Diz uma
famosa cantiga, interpretada por um não menos famoso cantor francês,
que o importante é a rosa. Quanto a mim, de entre as flores, não é
ela a única importante, apesar de todas as suas variedades, cores e
simbolismos. Na minha frente tenho um campo enorme, a perder de
vista, repleto de flores, em variedades tantas que não consigo
identificar, tão pequenino eu me sinto e tão grande é a minha
ignorância; mas não tenho qualquer tipo de dúvida de que tão
importantes são umas quanto as outras, tanto na beleza das cores e
do formato como na diversidade dos odores e no resultado da sua
singularmente rica e estranha mistura.
É evidente,
que em situações especificas e para um qualquer fim definido, o ser
humano, em variadas ocasiões, escolhe uma flor ou um conjunto delas,
atribuindo-lhe este ou aquele significado, boa parte das vezes
simplesmente porque ouviu dizer que era assim, e, sem dúvida, sempre
ao jeito dos comerciantes da especialidade, que alimentam a situação
conforme as suas vantagens e conveniências (mais uma vez, também
aqui, a figura invisível/ impalpável/intocável do mercado...).
Por isso,
apesar da fantástica beleza que se expõe perante mim, e do
inebriante da sua mistura de cheiros, bem como do cravo vermelho que
trago na botoeira (cá está outra vez o simbolismo em acção...),
inconscientemente, eu hoje seleccionei o lírio roxo.

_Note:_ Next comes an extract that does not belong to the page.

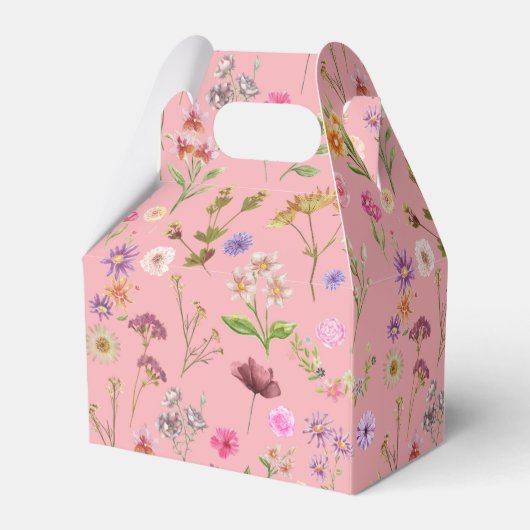 Blumenfarbmuster - rosa, lila, grün geschenkschachtel (Rückseite)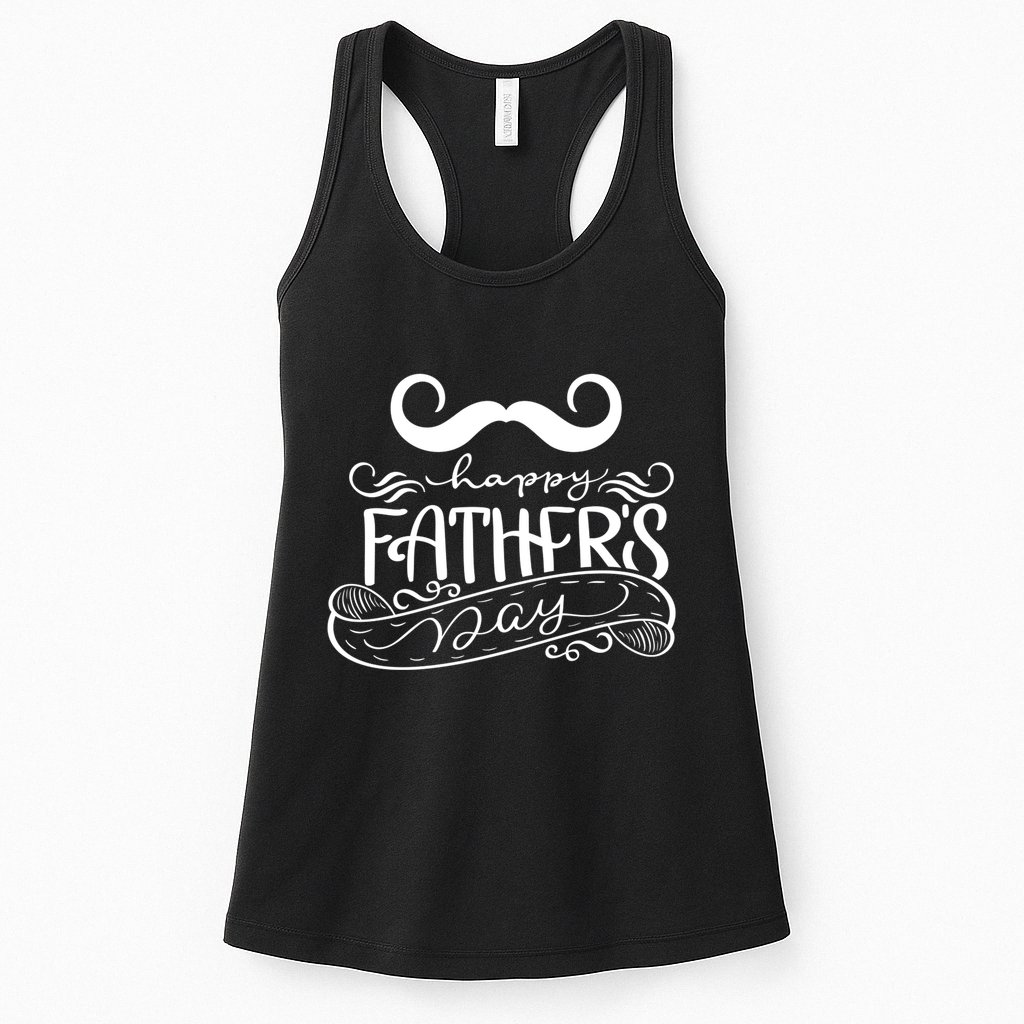 Happy Father's Day Dad Mustache Womens Tank Top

Acontece que,
da berma do caminho, de entre as ervas, ele, no topo do seu caule
vertical (tomara que todos os homens tivessem assim a coluna...) me
chamou a atenção na sua natural e elaborada simplicidade.
Muito
embora em justiça, todas e cada uma das flores, de per si, sejam de
uma beleza única, todavia o lírio roxo, no desenho e na cor das suas
pétalas, na forma como estão distribuídas, a já falada verticalidade
do seu caule e o incomum do seu quase inexistente odor, bem como a
sua, hoje, raridade, emocionaram-me e, por isso, retirei a mão que
se preparava para o colher.
Depois,
levantando a vista, reparei que também nas árvores, ali
relativamente perto, as flores (o candeio) despontavam
aumentando-lhe o rude encanto. E, em fundo, existiam também os sons:
o canto dos pássaros, o som de um qualquer chocalho muito ao longe,
o discreto murmúrio do movimento das plantas provocado pelo cúmplice
e suave vento, bem como outros sons não identificáveis, pelo menos
por mim, mas que compunham/enchiam os vãos entre uns e outros.
E, de
repente, talvez por no momento o meu pensamento estar concentrado
nos sons, veio-me à memória o espantoso da variedade de sentimentos
há pouco sentidos na, por enquanto, característica praça central de
Mourão: as vozes fortes dos homens entoavam cantigas de grupo. Foram
uma, outra e outra e mais tantas outras (até cantaram o meu lírio
roxo do campo), carregadas de beleza, de dura história, de
sentimento, de saber e cultura popular, e, também, de muito
simbolismo, pois este desfile de corais alentejanos, modesto, mas
com o povo na rua, deveras interessado, boa parte dele de cravo
vermelho em punho ou na lapela, comemorava o aniversário da
revolução do 25 de Abril de 1974, o dia em que tudo mudou, o dia em
que todas as esperanças e sonhos eram admissíveis.
Depois de
um dia destes, tão cheio, a abarrotar, não é difícil concluir que,
nos seus vários estádios, de facto, o importante é a beleza.
Já agora,
em jeito de nota de rodapé, e porque falamos de beleza, atrevo-me a
apelar a todos os Alentejanos e amigos da cultura da região dos
largos horizontes que ajudem, na medida das suas possibilidades, nem
que seja somente pressionando os autarcas que elegeram, na luta pela
classificação do Canto Alentejano como património imaterial da
humanidade, tendo em conta que ele, sem a menor sombra de dúvida, é
um dos belos e importantes pilares dessa mesma cultura.